### Exercise prompt
Give again, word for word, the lines below that run from the line with "Medium Premium Leather" through the line with "Plastic Box - DG Collection". Drop the pictures.

### Data
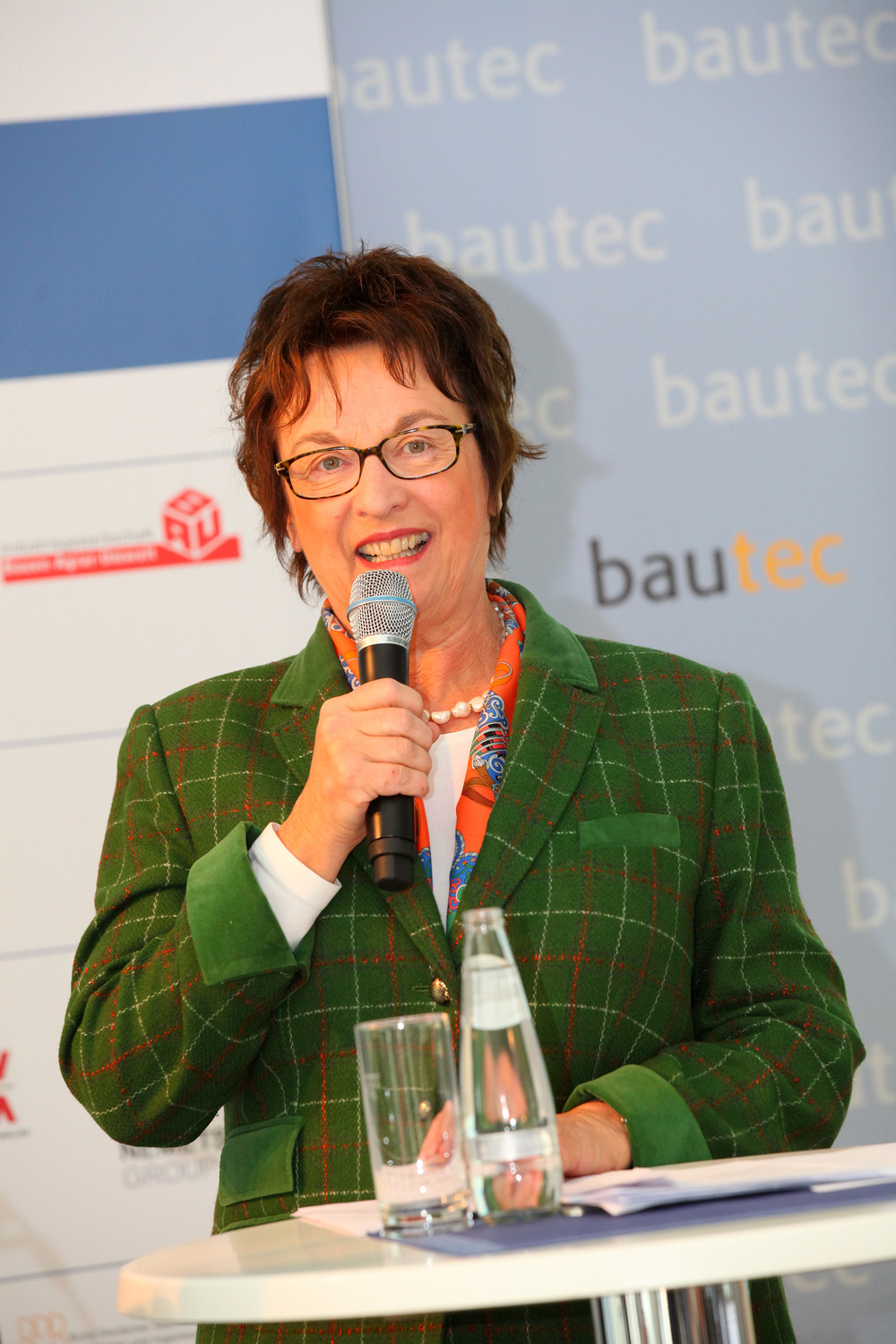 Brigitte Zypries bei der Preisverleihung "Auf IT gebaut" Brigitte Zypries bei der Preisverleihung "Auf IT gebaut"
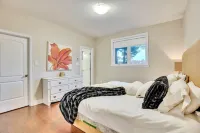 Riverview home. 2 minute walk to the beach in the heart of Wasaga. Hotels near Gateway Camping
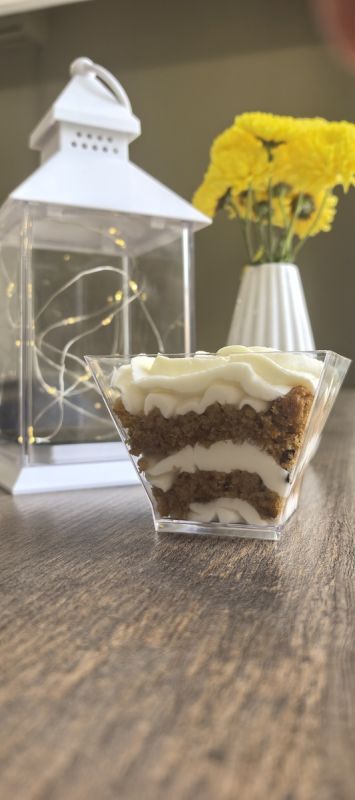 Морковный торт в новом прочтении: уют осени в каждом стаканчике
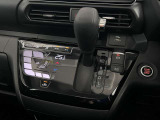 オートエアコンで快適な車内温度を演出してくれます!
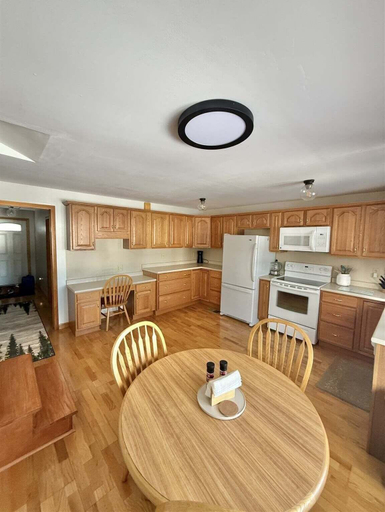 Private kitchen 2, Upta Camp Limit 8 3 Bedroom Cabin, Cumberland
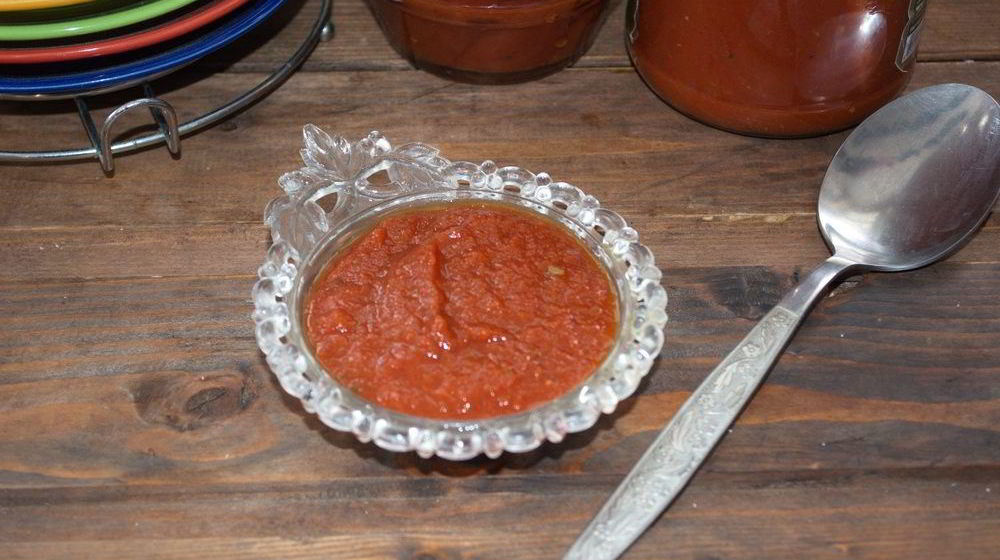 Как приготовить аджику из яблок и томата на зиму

...

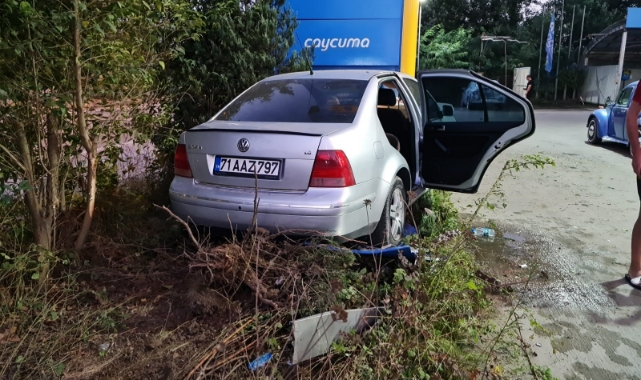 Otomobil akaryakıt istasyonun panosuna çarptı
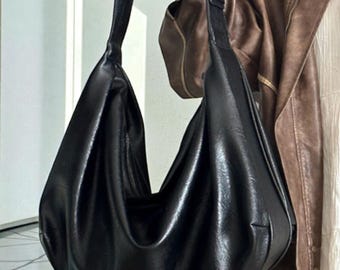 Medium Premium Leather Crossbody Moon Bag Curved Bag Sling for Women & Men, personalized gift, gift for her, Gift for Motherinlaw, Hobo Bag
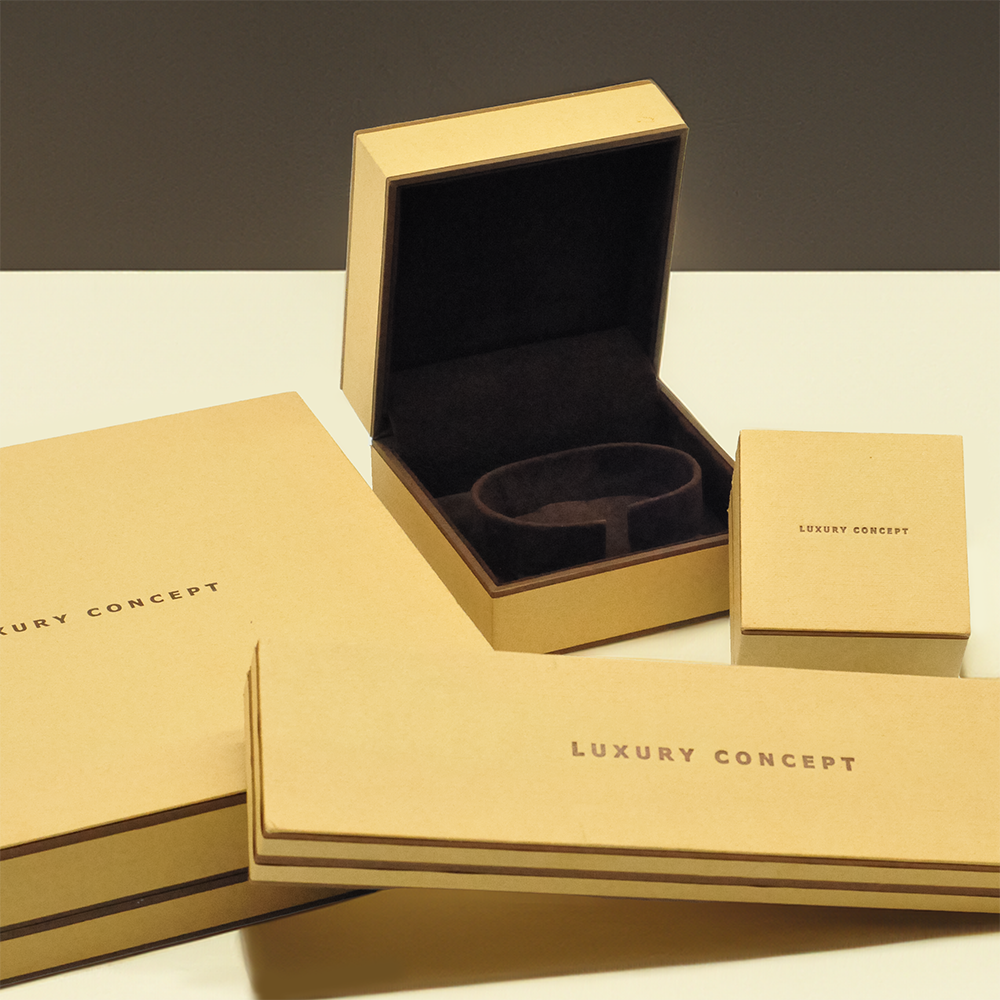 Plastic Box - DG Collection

==

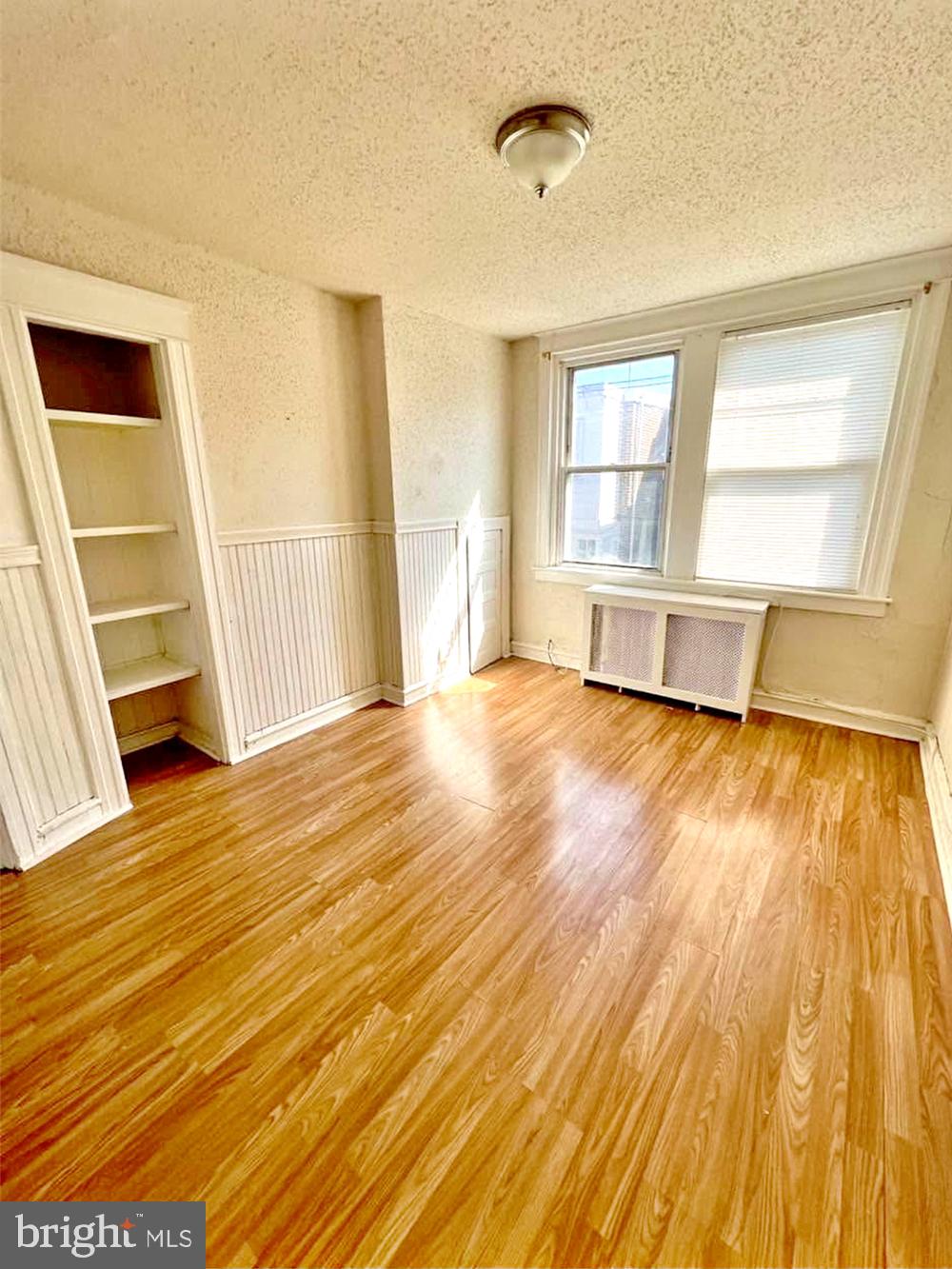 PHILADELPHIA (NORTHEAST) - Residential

### Problem solution
 Medium Premium Leather Crossbody Moon Bag Curved Bag Sling for Women & Men, personalized gift, gift for her, Gift for Motherinlaw, Hobo Bag
 Plastic Box - DG Collection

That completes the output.